Opened at 2010-11-24T00:00:11Z
#1269 new enhancement
add tcpdump data to viz tool
Reported by: | warner | Owned by: | |
---|---|---|---|
Priority: | major | Milestone: | undecided |
Component: | code-encoding | Version: | 1.8.0 |
Keywords: | performance | Cc: | |
Launchpad Bug: |
Description
as mentioned in comment:92:ticket:1170 in the context of the not-yet-landed #1200 viz tool:
These visualization tools are a lot of fun.
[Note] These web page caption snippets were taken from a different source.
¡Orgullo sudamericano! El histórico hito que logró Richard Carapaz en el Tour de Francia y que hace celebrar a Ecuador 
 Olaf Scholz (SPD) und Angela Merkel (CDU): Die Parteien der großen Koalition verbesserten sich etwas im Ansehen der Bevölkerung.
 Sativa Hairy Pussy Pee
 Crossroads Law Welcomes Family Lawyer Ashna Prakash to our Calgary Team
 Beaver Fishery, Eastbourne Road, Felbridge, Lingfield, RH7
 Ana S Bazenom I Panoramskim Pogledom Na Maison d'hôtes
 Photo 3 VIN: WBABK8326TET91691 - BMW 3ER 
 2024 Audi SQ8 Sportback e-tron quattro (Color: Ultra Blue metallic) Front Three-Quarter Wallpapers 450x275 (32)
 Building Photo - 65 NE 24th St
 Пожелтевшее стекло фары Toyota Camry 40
One direction to explore is to record some packet timings (with tcpdump) and add it as an extra row: that would show us how much latency/load Foolscap is spending before it delivers a message response to the application.
The idea would be to start a tcpdump process just before starting a download, then run a tool over the output to extract just the relevant packets (actually you'd want a tool that starts by asking the tahoe client for a list of its connections, to get the port numbers, then runs tcpdump itself with the right filter arguments). You'd store some condensed form of the output (maybe a pickled list of timestamps) in a directory where web/status.py could find it. Then status.py would serve packet timestamps in the same JSON bundle as the other download events (in particular the tx/rx of data-block requests). These packet timestamps would then be shown on the same chart as the application-level requests.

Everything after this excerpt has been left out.